• _What to work on_
Give the data again exactly, without images.
+++ Data excerpt
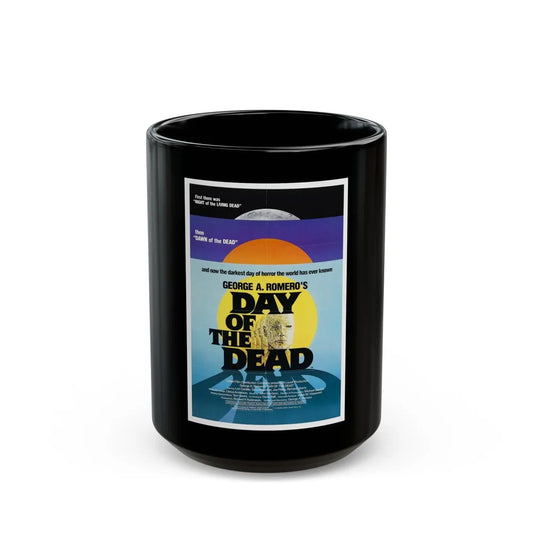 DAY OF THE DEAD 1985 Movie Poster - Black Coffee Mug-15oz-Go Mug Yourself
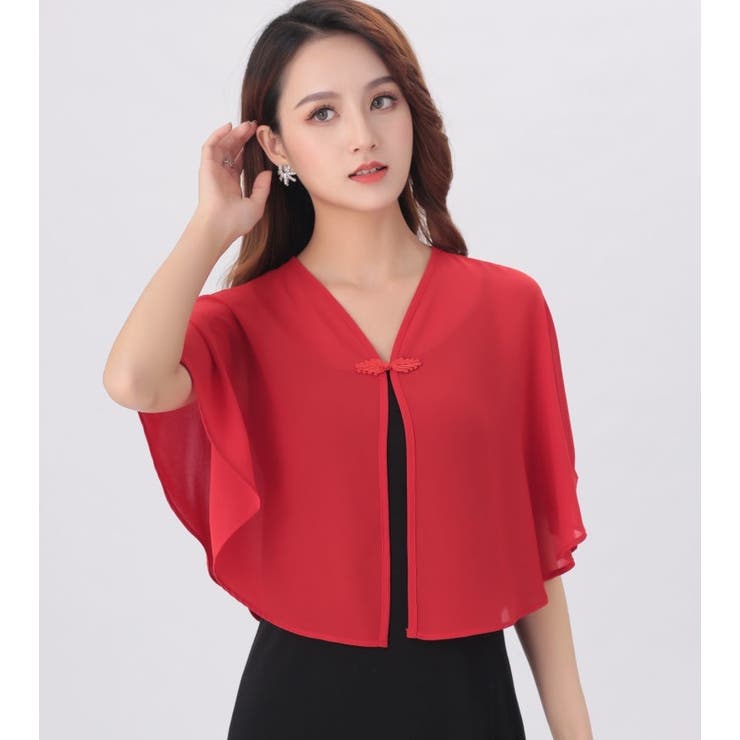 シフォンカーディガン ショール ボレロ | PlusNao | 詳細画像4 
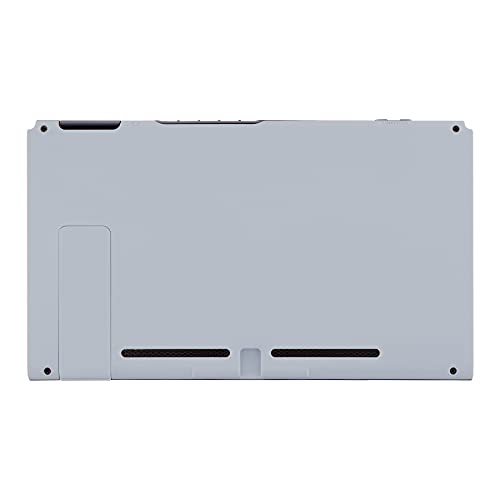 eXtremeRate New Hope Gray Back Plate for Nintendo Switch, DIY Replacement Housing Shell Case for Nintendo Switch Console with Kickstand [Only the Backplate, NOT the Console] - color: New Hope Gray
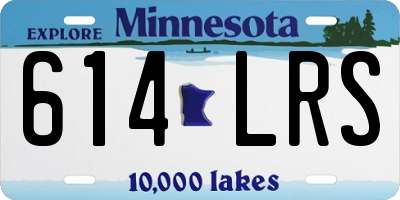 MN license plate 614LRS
++++++
• _Answer section_
 DAY OF THE DEAD 1985 Movie Poster - Black Coffee Mug-15oz-Go Mug Yourself
 シフォンカーディガン ショール ボレロ | PlusNao | 詳細画像4 
 eXtremeRate New Hope Gray Back Plate for Nintendo Switch, DIY Replacement Housing Shell Case for Nintendo Switch Console with Kickstand [Only the Backplate, NOT the Console] - color: New Hope Gray
 MN license plate 614LRS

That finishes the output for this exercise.